What to expect from the interest rate hike in South Africa this week

The South African Reserve Bank’s (SARB’s) Monetary Policy Committee (MPC) is meeting this week for the final time this year, with another rate hike expected to be announced on Thursday (24 November).

According to Finder’s poll of 20 economists, academics and analysts, 90%, or 18 out of 20, forecast a rate hike on the way.

Half of the experts polled believe the bank will hike rates by 75 basis points (bp), with at least one anticipating a much larger jump of 100bp. Two expect a hike of just 25bp, two expect a hold, and the balance anticipates a 50bp hike.

Investec chief economist Annabel Bishop is the only panellist who says the SARB will and should increase the repo rate by 100 bps. In fact, Bishop sees a possibility that the increase may even be higher as the SARB tries to keep up with the rate hikes by the Federal Open Market Committee (FOMC).

“By the end of the year, the FOMC will likely have hiked rates by 5.50% in the current cycle and SA by 4.75%, with the MPC likely to discuss a larger hike than 100 bps in November, particularly given the higher end rate now signalled by the FOMC, and so could surprise on the upside.

“A narrowing interest rate differential between the US and SA leads to rand weakness against the US dollar,” she said.

While not anticipating a hike of 100bp, at least two other experts believe the Reserve Bank ought to hike rates by as much.

Oxford Economics economist Jee-A van der Linde says the SARB will and should increase the rate by 75 bps at the November meeting, given it will want to see compelling evidence of slowing inflation.

“Assuming a slow pace of disinflation ahead, we forecast a 75 bps increase in the November meeting followed by an additional 50 bps rise in the policy rate in Q1 2023, which will see the repo rate reach 7.5%.”

Old Mutual Multi-Managers strategist Izak Odendaal thinks the rate will and should be increased by 50 bps as the SARB follows the US Federal Reserve’s footsteps.

“The Federal Reserve is likely to start slowing down the pace of increases as US inflation is easing and is close to the end of its hiking cycle. This takes the pressure off the SARB and allows it to focus more on the domestic inflation outlook.

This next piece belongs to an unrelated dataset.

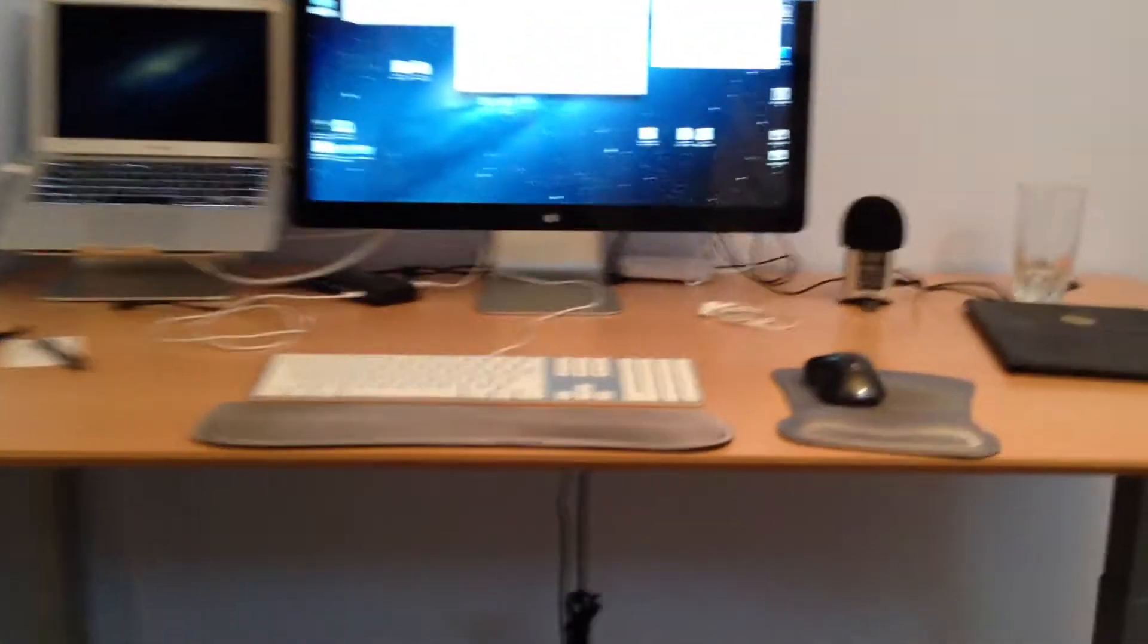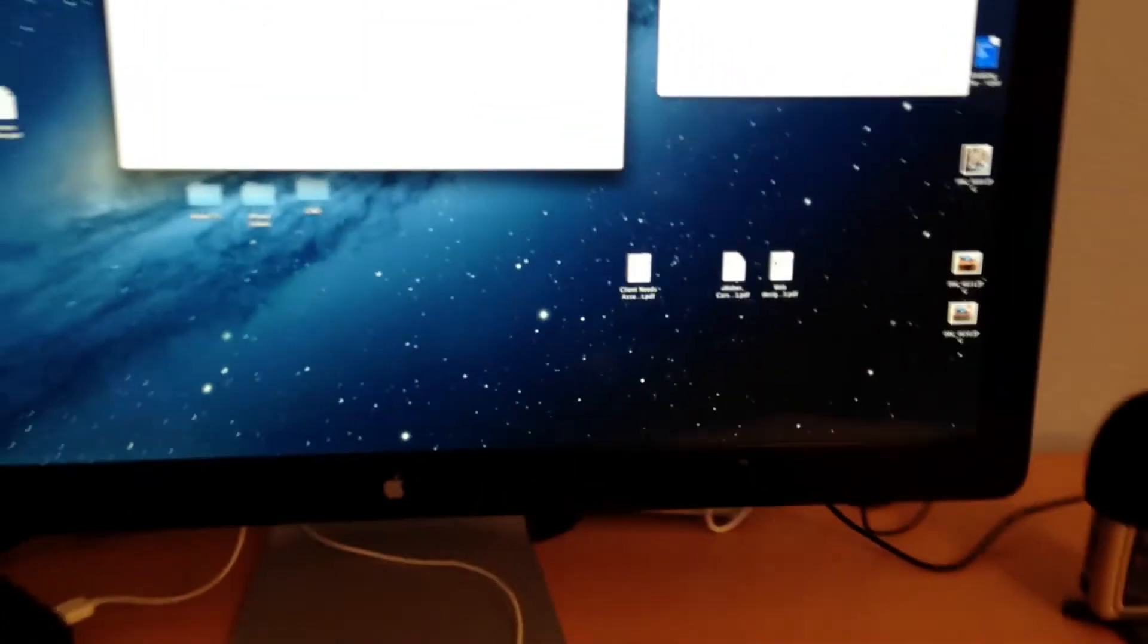And now, I just can walk over here and type and work on whatever projects I'm working on.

“With core inflation still solidly in the target range, South Africa does not need rates to rise substantially from here. Therefore, the SARB can also slow the pace of hikes and is also close to the peak of the current cycle,” he said.

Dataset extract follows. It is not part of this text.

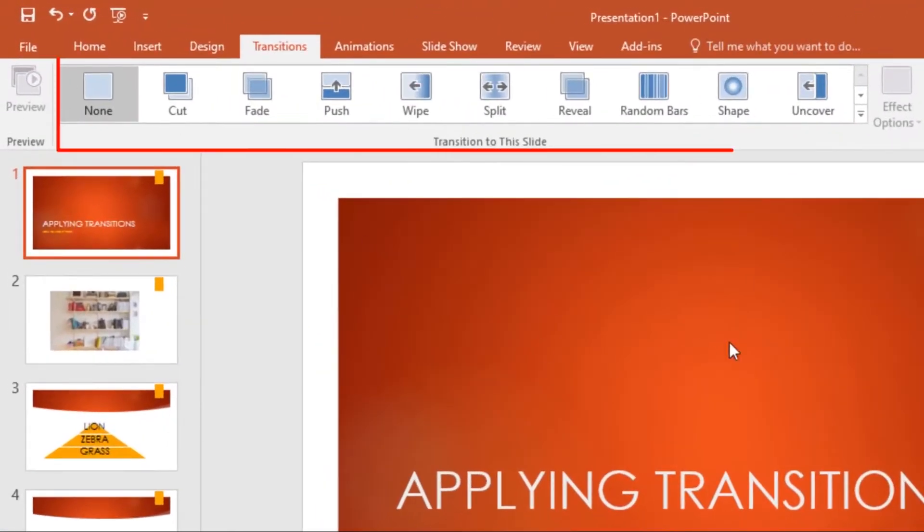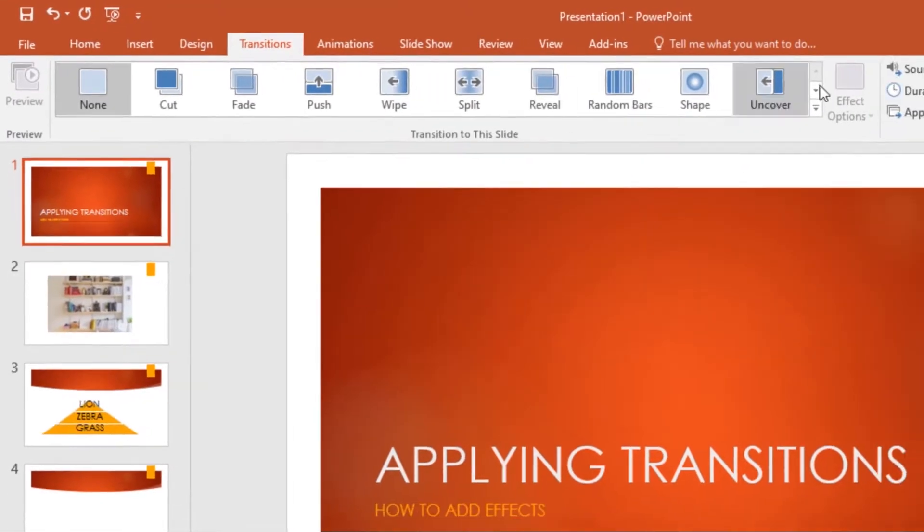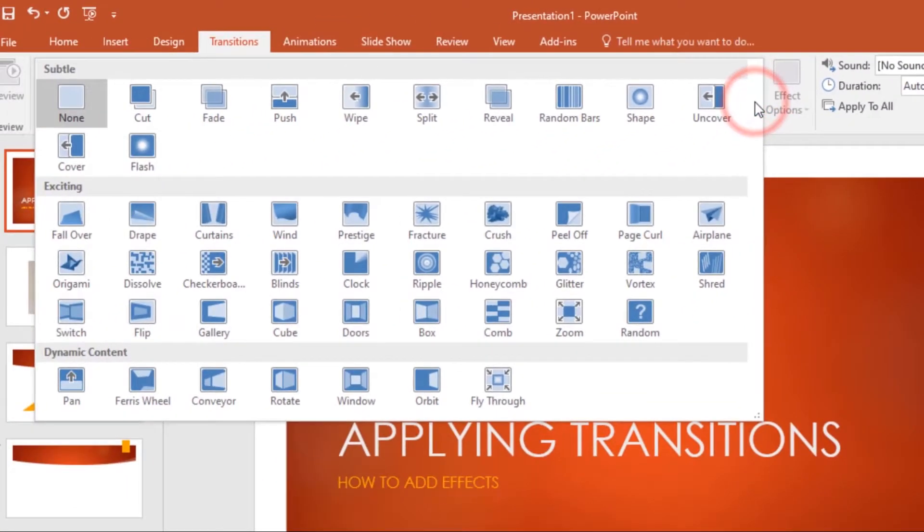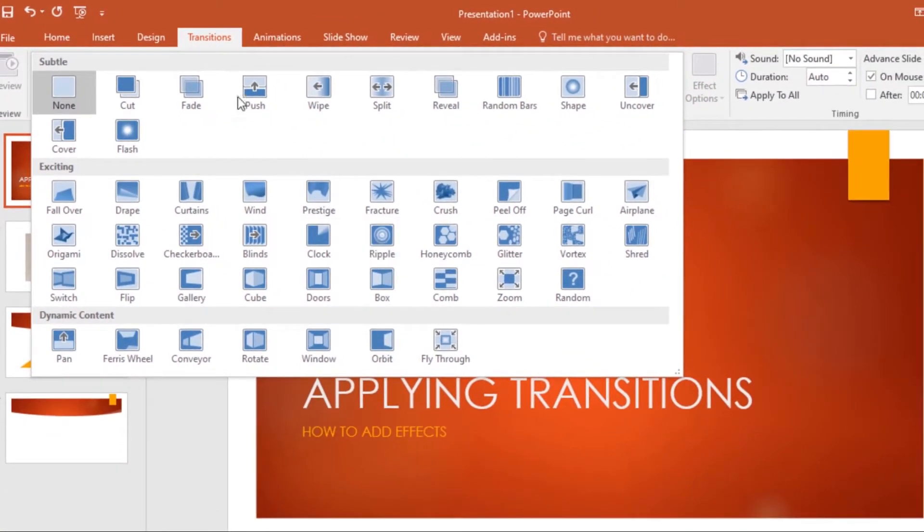Then under Transition to This Slide group, click the More dropdown arrow. From here you can select the transitions that you want. Now we have the Subtle group, Exciting, and Dynamic Content.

Standard Bank head of SA macro research Elna Moolman also thinks the rate will and should increase by 50 basis points, noting this would take the policy rate to the SARB’s estimate of the neutral rate.

There is no consensus from the panel on when rates will peak, with the projections split across 2023. January 2023 got the biggest vote from the experts, but not at a large margin.

The experts are more confident of where rates will peak, however, with most settling between 7.0% and 7.5%.

Citadel Global director Bianca Botes, who predicts the repo rate will peak at 7.25% in March 2023, says the repo rate will likely moderate alongside inflation.

“The SARB acted aggressively in the hiking cycle to ensure inflation does not become entrenched, even as South Africa faced economic headwinds. Data now also points to a moderation in inflation.”

University of the Free State associate professor in banking Johan Coetzee predicts a slightly higher peak of 7.5% in May 2023 as central banks around the world will likely moderate their rate hikes in the second quarter of 2023.

However, Coetzee acknowledged that current global circumstances make this difficult to predict for certain now more than ever.

Efficient Group chief economist, Dawie Roodt, gave one of the highest forecasts for the rate peak at 8% in March 2023. However, he doesn’t expect the rate to stay this high for long, predicting rate cuts in 2024.

“The sooner we get this over, the less we would need to do. When you go through hell, don’t crawl,” he said.